Molecular Structure and Function Program, The Hospital for Sick Children Research Institute, Canada.
J Struct Biol. 2010 Mar;169(3):431-7. doi: 10.1016/j.jsb.2009.11.014. Epub 2009 Dec 1.
Electron beam damage is the fundamental limit to resolution in electron cryomicroscopy (cryo-EM) of frozen, hydrated specimens. Radiation damage increases with the number of electrons used to obtain an image and affects information at higher spatial frequencies before low-resolution information. For the experimentalist, a balance exists between electron exposures sufficient to obtain a useful signal-to-noise ratio (SNR) in images and exposures that limit the damage to structural features. In single particle cryo-EM this balance is particularly delicate: low-resolution features must be imaged with a sufficient SNR to allow image alignment so that high-resolution features recorded below the noise level can be recovered by averaging independent images. By measuring the fading of Fourier components from images obtained at 200 kV of thin crystals of catalase embedded in ice, we have determined the electron exposures that will maximize the SNR at resolutions between 86 and 2.9A. These data allow for a rational choice of exposure for single particle cryo-EM. For example, for 20A resolution, the SNR is maximized at approximately 20e(-)/A(2), whereas for 3A resolution, it is maximized at approximately 10 e(-)/A(2). We illustrate the effects of exposure in single particle cryo-EM with data collected at approximately 12-15 and approximately 24-30 e(-)/A(2).

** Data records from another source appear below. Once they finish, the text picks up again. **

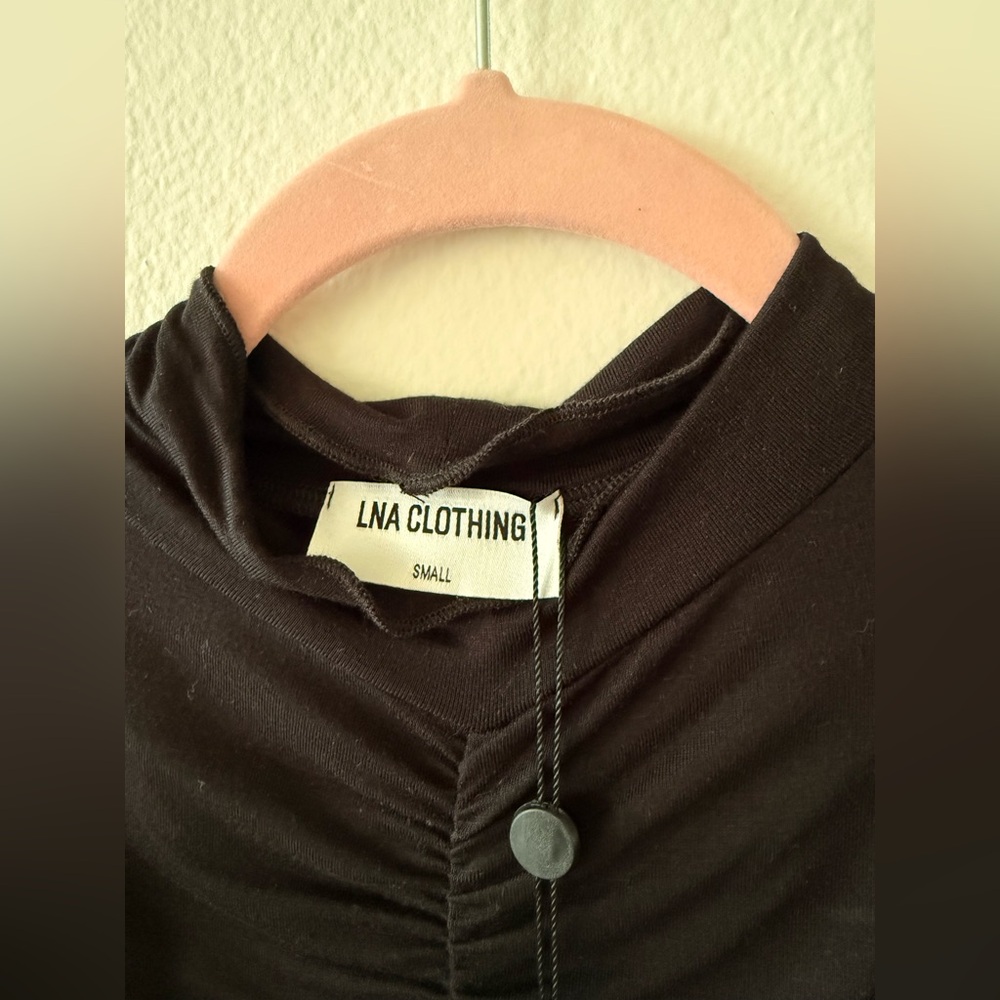 LNA | Black Ruched Top - Picture 3 of 4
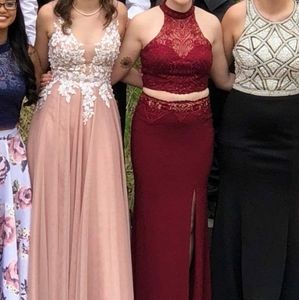 Maroon 2 Piece Prom Gown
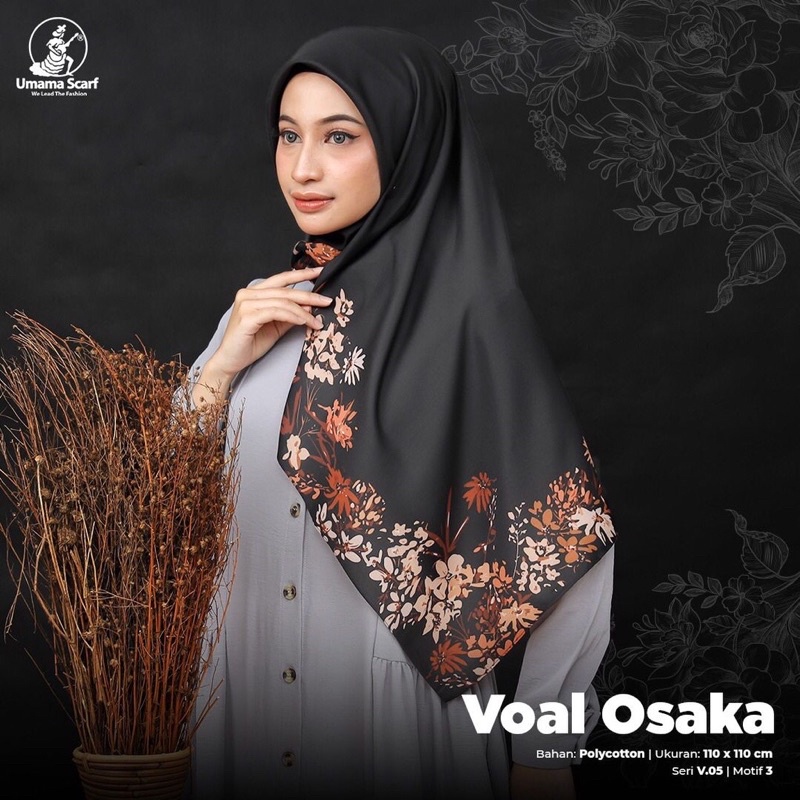 (BISA COD) Hijab Segiempat Basic Voal Osaka Motif Kerudung Segiempat Original by Umama Termurah dan Terlaris Nayla Hija'b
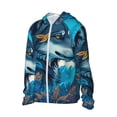thumbnail image 2 of KLL Blue Iceberg Leaf Wolf Print Men's Women’s UPF 50+ Sun Protection Outdoor Hoodie Jacket Long Sleeve Fishing Hiking Performance Shirt-Large, 2 of 6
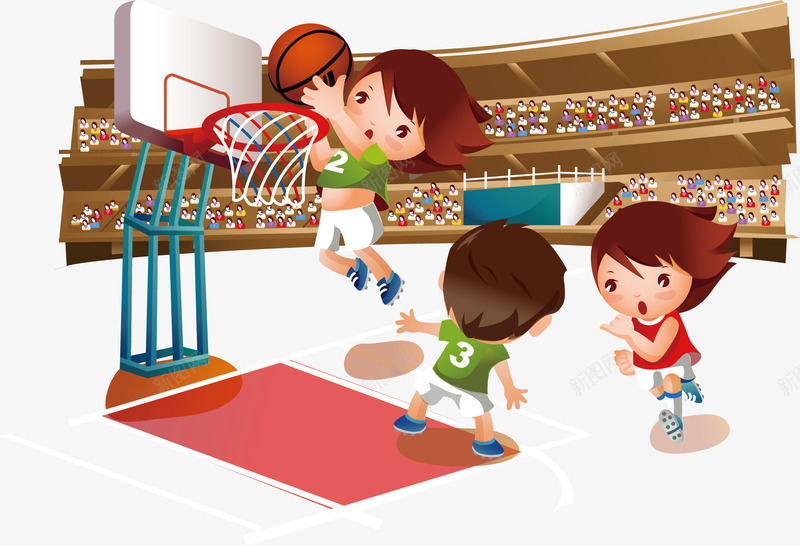 可爱卡通篮球运动矢量图ai免抠素材_88icon https://88icon.com 儿童 卡通 可爱 孩子 篮球 运动 矢量图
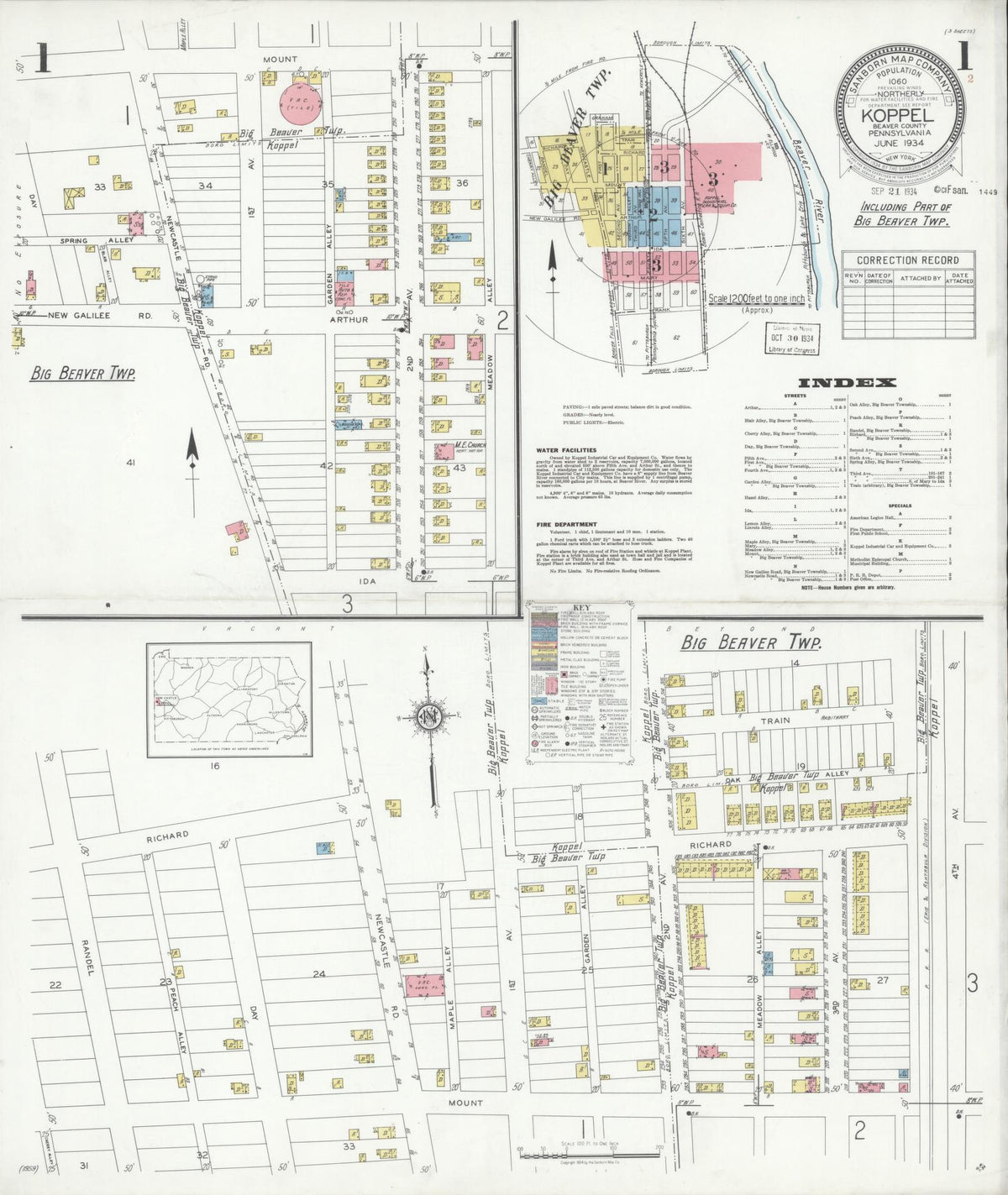 Sanborn Fire Insurance Map from Koppel, Beaver County, Pennsylvania (1934), Sheet #0001 - Historic Sanborn Fire Insurance Map Print, vintage old map wall art, antique decor, genealogy gift, Pennsylvania Pennsylvania map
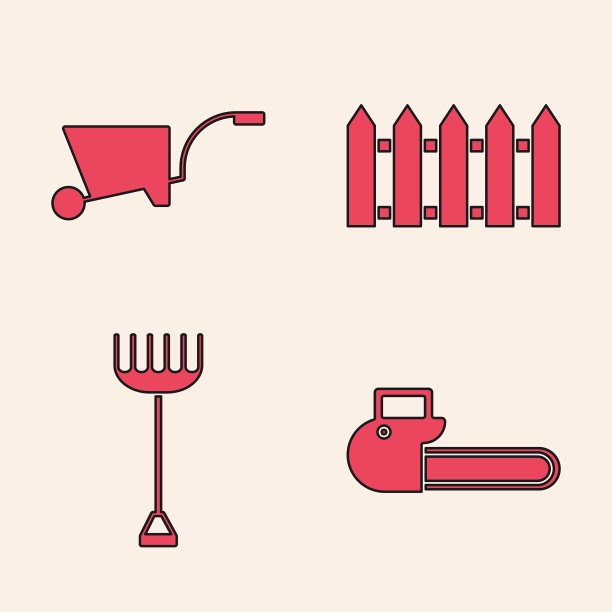 设置链锯手推车花园栅栏木制和图片下载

电子束损伤是冷冻、水合标本电子晶体学显微镜(cryo-EM)分辨率的基本限制。辐射损伤随用于获取图像的电子数量而增加,并在较低分辨率信息之前影响较高空间频率的信息。对于实验者来说,在足以获得图像中有用信噪比(SNR)的电子暴露量和限制结构特征损伤的暴露量之间存在平衡。在单颗粒 cryo-EM 中,这种平衡特别微妙:必须以足够的 SNR 对低分辨率特征进行成像,以允许图像对齐,以便可以通过对独立图像进行平均来恢复低于噪声水平记录的高分辨率特征。通过测量嵌入冰中的过氧化氢酶薄晶体在 200kV 下获得的图像中傅里叶分量的衰减,我们确定了将 SNR 最大化到 86 和 2.9A 之间分辨率的电子暴露量。这些数据允许对单颗粒 cryo-EM 进行合理的曝光选择。例如,对于 20A 的分辨率,大约在 20e(-)/A(2) 处达到 SNR 最大化,而对于 3A 的分辨率,大约在 10e(-)/A(2) 处达到 SNR 最大化。我们用大约 12-15 和大约 24-30e(-)/A(2) 处收集的数据说明了暴露在单颗粒 cryo-EM 中的影响。